Mill’s attorneys had asked for a new trial based on credibility issues with former Philadelphia police officer Reginald Graham, who was the only officer to testify at Mill’s original trial on his 2007 arrest. The Philadelphia district attorney’s office supported the request after placing Graham on a list of unreliable police witnesses.
Judge Genece Brinkley said late Monday she was not convinced that Graham was not a credible witness in Mill’s case. She wrote that if evidence that the former officer may have lied or stolen money was presented at his original trial, she believed it would not have changed the verdict. Mill had waived his right to a jury trial and opted to let Brinkley decide his case in 2007.
Brinkley sentenced Mill in November to two to four years in prison for violating probation. Mill served five months before the state Supreme Court ordered his release on bail.
Mill’s attorneys tried unsuccessfully to have Brinkley removed from his case, but said they plan to again seek to have her removed based on issues with the opinion and her conduct at the new trial request hearing.
Attorneys for Mill said Brinkley indicated during the hearing that she planned to rule against Mill, noting she said she was entering things into the record for appeal.
“Well, the only way something goes to an appeal is if she denies our motion,” said Jordan Siev, one of Mill’s attorneys. “It’s obvious by the way this whole thing was conducted, that it was a sham. She came at this with a thesis and she twisted the evidence to fit the outcome she wanted.”

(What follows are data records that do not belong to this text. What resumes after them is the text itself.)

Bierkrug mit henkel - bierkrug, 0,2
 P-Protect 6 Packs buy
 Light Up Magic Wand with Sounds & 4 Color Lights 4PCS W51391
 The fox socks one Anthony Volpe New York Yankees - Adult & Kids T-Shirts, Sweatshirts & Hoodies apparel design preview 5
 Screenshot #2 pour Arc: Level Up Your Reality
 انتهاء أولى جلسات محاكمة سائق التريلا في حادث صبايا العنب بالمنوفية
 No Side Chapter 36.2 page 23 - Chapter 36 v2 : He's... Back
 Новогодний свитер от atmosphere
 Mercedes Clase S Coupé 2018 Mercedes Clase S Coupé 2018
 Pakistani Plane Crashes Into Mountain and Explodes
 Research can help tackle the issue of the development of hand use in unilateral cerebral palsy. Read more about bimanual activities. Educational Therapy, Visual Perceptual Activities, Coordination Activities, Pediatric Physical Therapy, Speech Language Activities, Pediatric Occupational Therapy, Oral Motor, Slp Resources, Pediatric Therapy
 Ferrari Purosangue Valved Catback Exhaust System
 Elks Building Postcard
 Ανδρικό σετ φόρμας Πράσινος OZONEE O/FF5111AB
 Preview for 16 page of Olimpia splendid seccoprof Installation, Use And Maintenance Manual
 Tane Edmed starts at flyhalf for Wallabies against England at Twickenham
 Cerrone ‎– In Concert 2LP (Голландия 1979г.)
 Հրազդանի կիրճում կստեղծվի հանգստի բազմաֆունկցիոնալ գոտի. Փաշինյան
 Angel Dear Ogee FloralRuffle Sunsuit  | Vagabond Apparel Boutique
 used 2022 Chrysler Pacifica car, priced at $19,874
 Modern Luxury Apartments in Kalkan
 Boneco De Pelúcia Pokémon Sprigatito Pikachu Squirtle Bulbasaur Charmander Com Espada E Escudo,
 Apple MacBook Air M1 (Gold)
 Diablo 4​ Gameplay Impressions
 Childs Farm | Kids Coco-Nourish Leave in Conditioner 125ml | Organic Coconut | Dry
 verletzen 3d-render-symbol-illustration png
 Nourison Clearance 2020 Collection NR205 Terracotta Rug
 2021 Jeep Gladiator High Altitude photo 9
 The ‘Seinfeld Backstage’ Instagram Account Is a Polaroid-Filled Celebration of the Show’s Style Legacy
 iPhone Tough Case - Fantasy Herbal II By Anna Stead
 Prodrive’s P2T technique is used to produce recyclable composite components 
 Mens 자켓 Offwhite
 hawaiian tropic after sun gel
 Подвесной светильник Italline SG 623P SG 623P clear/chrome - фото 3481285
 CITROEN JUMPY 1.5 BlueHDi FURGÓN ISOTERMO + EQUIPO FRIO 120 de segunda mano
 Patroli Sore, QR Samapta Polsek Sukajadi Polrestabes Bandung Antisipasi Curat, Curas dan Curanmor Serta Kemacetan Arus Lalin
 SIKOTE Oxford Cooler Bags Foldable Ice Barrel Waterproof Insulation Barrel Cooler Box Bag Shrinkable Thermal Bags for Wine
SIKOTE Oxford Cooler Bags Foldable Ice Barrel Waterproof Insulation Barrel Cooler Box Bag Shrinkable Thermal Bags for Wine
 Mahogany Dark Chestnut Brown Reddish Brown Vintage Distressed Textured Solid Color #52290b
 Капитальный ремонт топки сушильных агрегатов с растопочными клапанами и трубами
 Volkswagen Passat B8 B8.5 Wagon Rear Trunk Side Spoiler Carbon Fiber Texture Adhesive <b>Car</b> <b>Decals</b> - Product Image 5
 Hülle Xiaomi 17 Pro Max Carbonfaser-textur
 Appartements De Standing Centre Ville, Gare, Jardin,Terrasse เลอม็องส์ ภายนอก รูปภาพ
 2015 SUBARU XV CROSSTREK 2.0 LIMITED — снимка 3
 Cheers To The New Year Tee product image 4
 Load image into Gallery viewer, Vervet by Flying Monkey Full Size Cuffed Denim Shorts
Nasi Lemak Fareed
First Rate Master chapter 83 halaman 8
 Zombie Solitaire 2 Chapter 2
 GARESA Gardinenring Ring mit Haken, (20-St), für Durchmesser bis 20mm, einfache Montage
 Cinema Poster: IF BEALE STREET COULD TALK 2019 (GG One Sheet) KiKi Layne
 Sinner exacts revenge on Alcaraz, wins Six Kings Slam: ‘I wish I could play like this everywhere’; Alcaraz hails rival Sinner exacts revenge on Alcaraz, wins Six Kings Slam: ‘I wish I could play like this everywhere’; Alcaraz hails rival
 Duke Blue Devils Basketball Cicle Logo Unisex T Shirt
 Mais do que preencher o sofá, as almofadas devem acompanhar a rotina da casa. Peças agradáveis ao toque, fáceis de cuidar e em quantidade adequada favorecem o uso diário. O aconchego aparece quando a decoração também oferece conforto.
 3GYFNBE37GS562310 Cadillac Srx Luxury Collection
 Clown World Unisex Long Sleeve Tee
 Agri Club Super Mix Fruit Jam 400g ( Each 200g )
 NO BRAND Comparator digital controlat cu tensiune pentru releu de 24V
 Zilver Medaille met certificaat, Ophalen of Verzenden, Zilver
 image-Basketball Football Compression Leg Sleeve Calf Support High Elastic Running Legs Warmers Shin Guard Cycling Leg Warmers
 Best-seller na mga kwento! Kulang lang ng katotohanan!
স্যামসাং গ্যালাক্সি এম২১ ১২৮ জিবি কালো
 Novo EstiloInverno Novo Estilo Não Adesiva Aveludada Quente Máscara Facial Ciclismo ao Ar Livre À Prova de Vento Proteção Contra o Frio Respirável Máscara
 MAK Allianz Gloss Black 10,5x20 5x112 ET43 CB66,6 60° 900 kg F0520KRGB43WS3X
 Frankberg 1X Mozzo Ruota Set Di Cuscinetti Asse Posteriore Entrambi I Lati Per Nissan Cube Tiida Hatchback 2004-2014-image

Prosecutors and the defense attorneys stipulated that another judge had granted similar requests for new trials in three other cases involving Graham.
Siev noted what he said were other issues in Brinkley’s ruling, including a footnote that said the judge felt the attorneys were pitting her against the other female judge who had granted retrials. Siev also pointed to a footnote where Brinkley compared their argument that evidentiary hearings are unusual in these requests to an argument that slavery was accepted until someone said it wasn’t right.
“In what world do you draw this conclusion? It literally has no basis in reality. I have no idea why she would feel the need to put any of that in there,” Siev said.
Brinkley also raised concern that new District Attorney Larry Krasner, who had been involved in cases involving police corruption issues previously, might have a conflict of interest in deciding the officer’s testimony was not credible.
Ben Waxman, a spokesman for Krasner’s office, declined to comment on the opinion, saying the office respects the independence of the judiciary.